■ Dataset entries ■
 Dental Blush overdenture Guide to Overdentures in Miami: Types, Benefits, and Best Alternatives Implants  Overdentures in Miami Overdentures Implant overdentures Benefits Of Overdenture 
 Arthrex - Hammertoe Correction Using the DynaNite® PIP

* * *

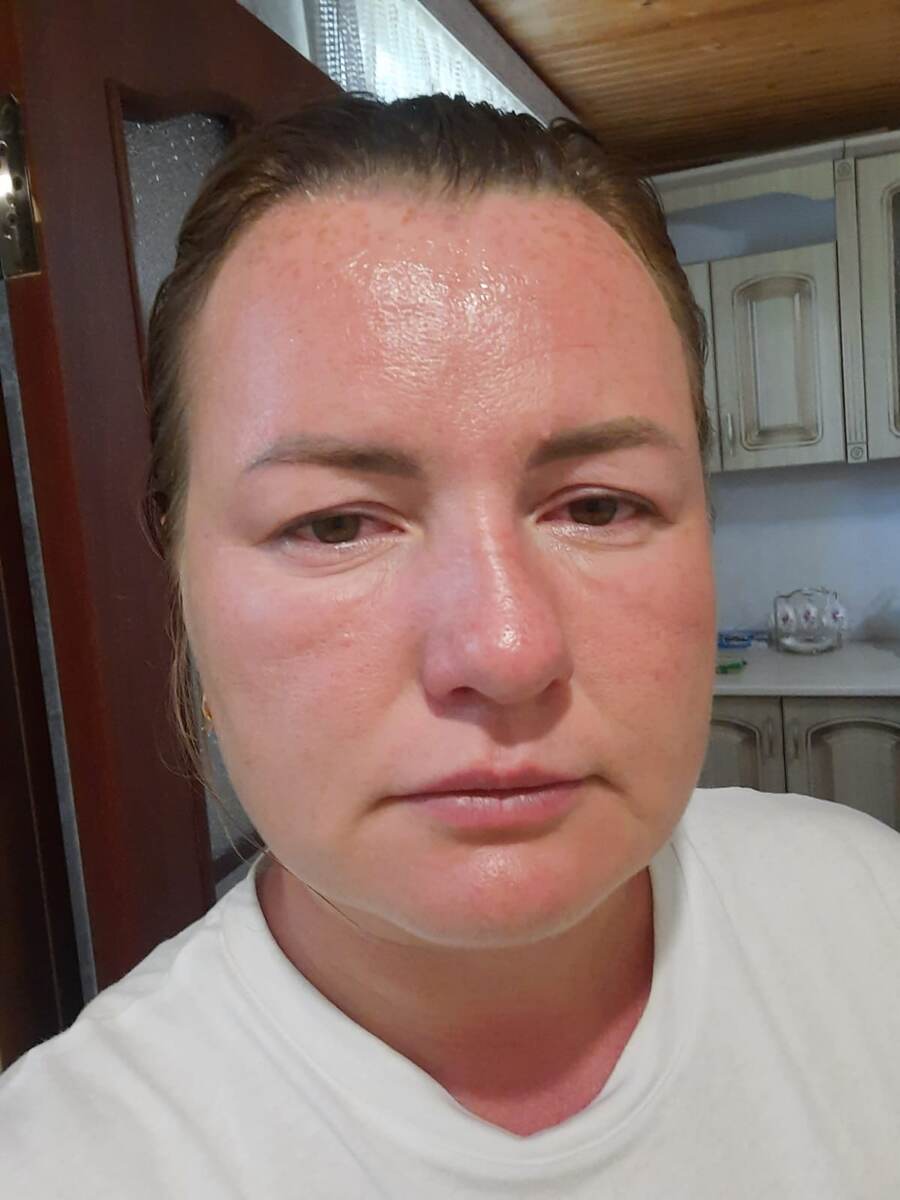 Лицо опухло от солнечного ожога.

...

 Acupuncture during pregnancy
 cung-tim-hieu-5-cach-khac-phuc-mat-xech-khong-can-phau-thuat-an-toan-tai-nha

■ What this task involves ■
Copy out each line of the data above, exactly, if it lies between the line holding "Dental Blush overdenture" and the line holding "Arthrex - Hammertoe", inclusive; copy no other line.

■ Task output ■
 Dental Blush overdenture Guide to Overdentures in Miami: Types, Benefits, and Best Alternatives Implants  Overdentures in Miami Overdentures Implant overdentures Benefits Of Overdenture 
 Arthrex - Hammertoe Correction Using the DynaNite® PIP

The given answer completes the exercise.